INSTRUCTIONS FOR THE TASK
Skipping all pictures, set down the lines of the listing from the first through the one with "Стяжной ремень с".

►

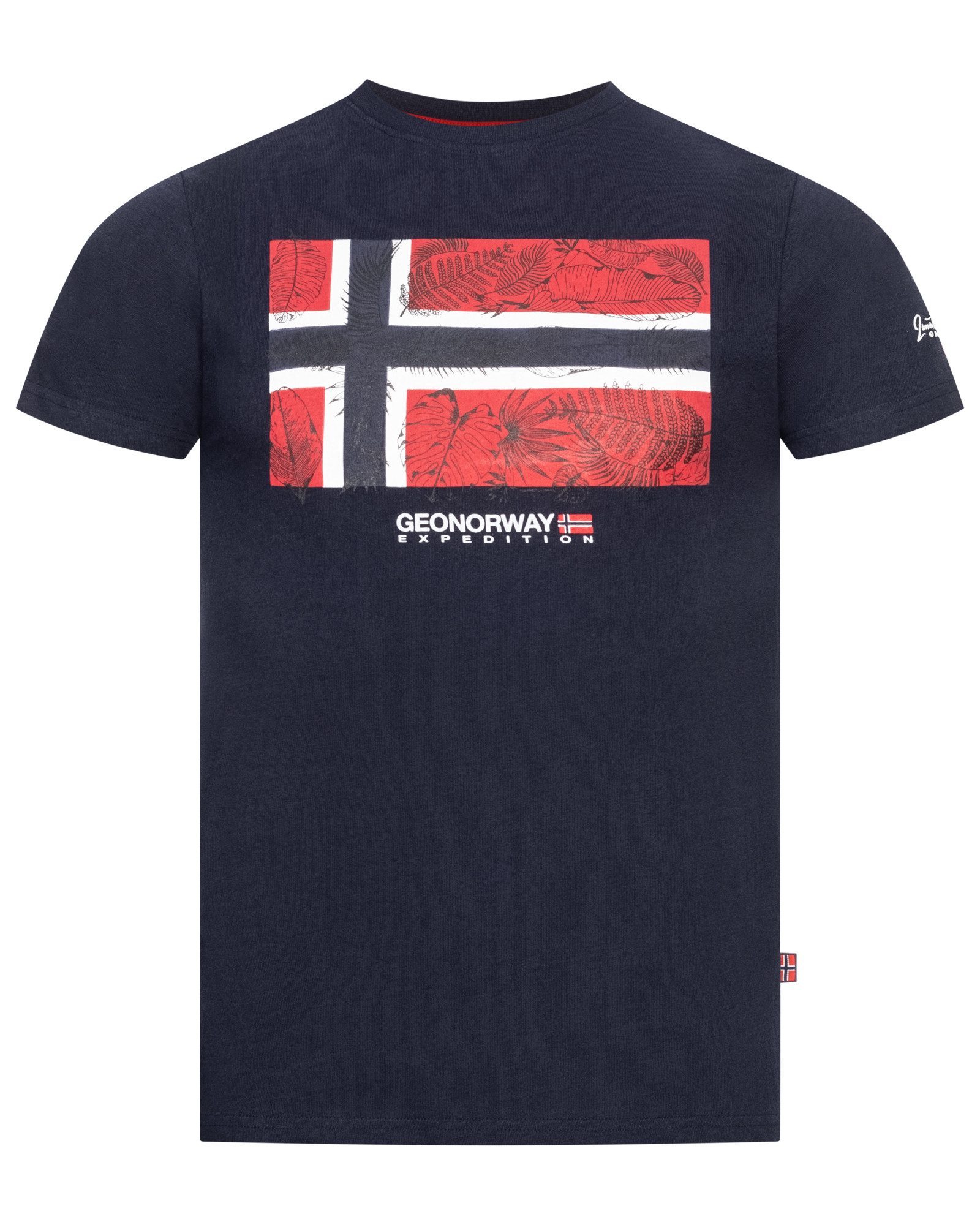 Geographical Norway Kurzarmshirt Geographical Norway T-Shirt Herren Shirt Hemd Sommer Baumwolle Print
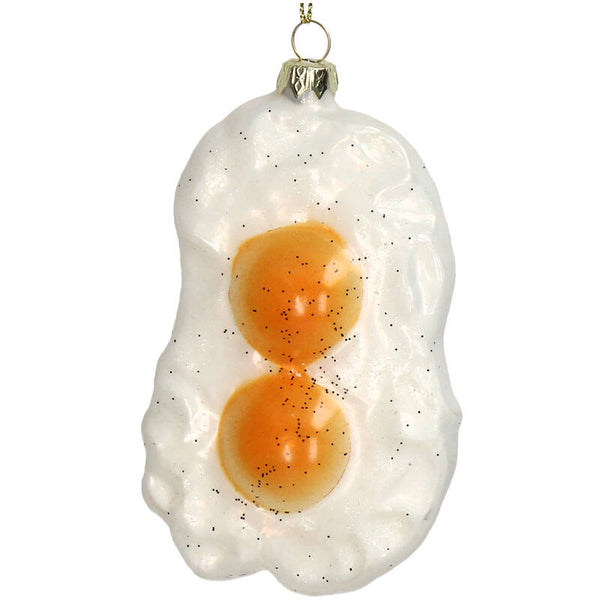 KERSTEN Ornament Eggs Sunny Side Glass White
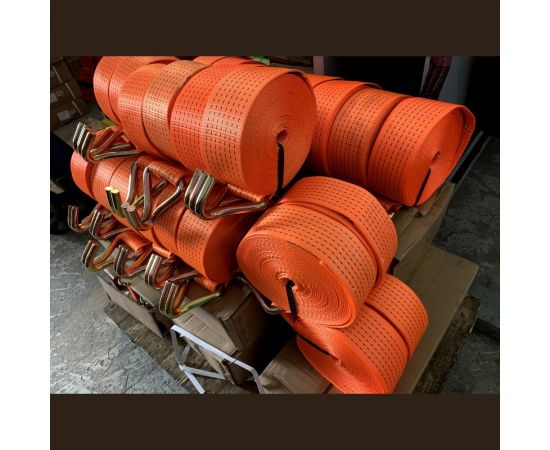 Стяжной ремень с крюками ТРАСТ 10/20 т, 10 000 мм (100 мм) Россия 4687201914457 – изображение 5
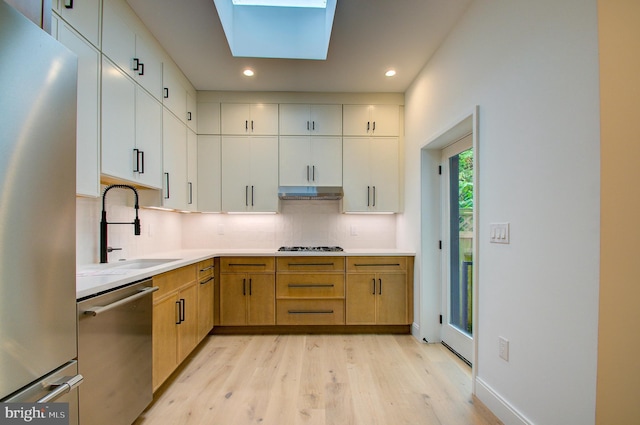 kitchen with a skylight, appliances with stainless steel finishes, backsplash, under cabinet range hood, and a sink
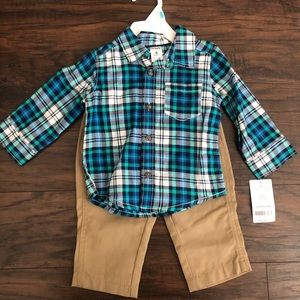Blue Checkered long sleeve and khaki bottoms 6mos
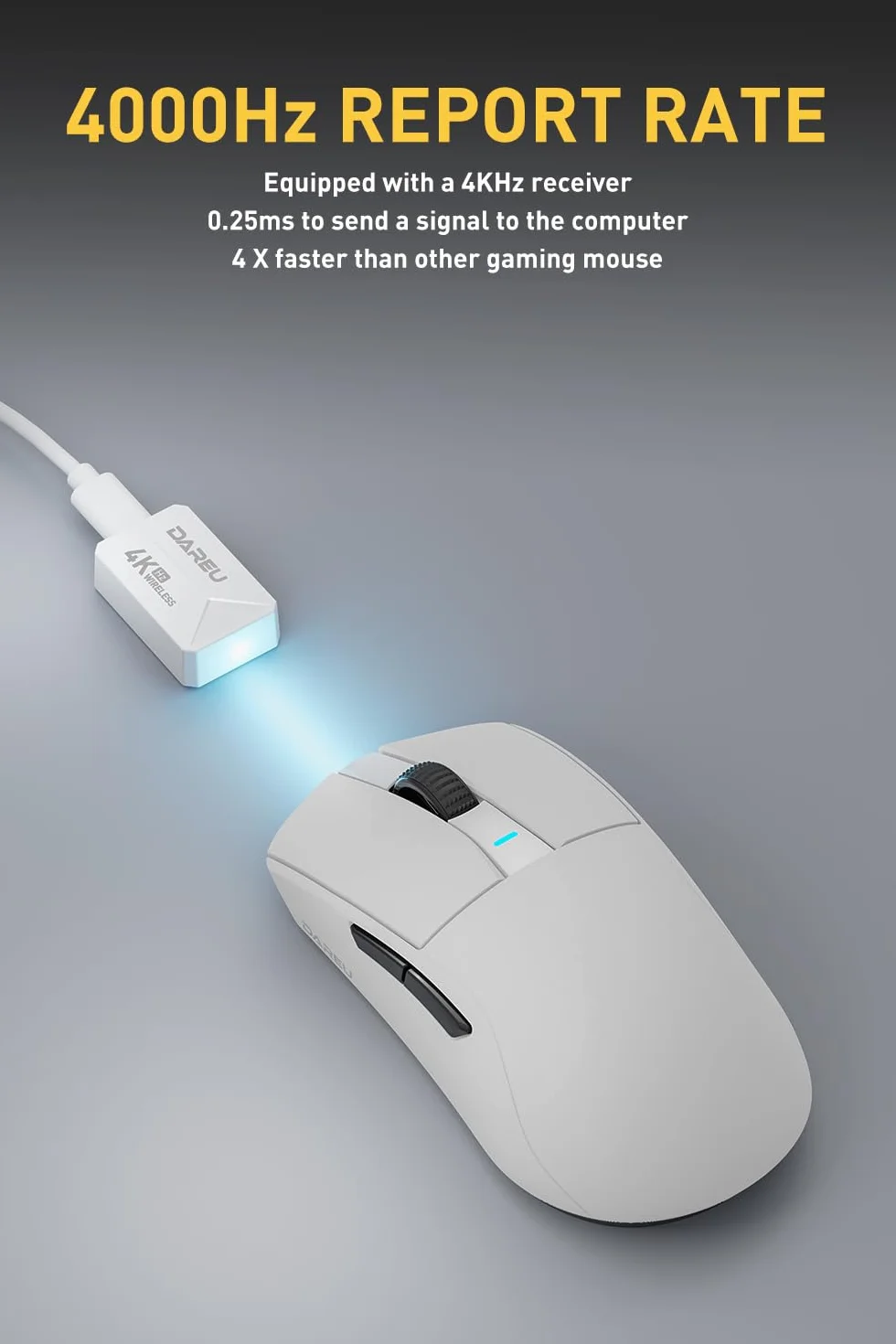 DAREU A950pro mysz do gier częstotliwość odświeżania 4 kHz, ultralekka waga 55 g, czujnik optyczny PAW3395, rozdzielczość 26K DPI, 5 programowalnych przycisków, obsługa szybkiego ładowania w 15 minut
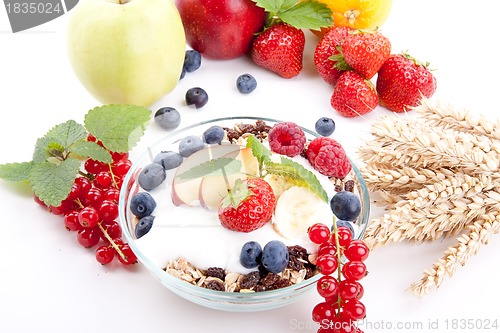 Image of deliscious healthy breakfast with flakes and fruits isolated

◄

OUTPUT FOR THIS TASK
 Geographical Norway Kurzarmshirt Geographical Norway T-Shirt Herren Shirt Hemd Sommer Baumwolle Print
 KERSTEN Ornament Eggs Sunny Side Glass White
 Стяжной ремень с крюками ТРАСТ 10/20 т, 10 000 мм (100 мм) Россия 4687201914457 – изображение 5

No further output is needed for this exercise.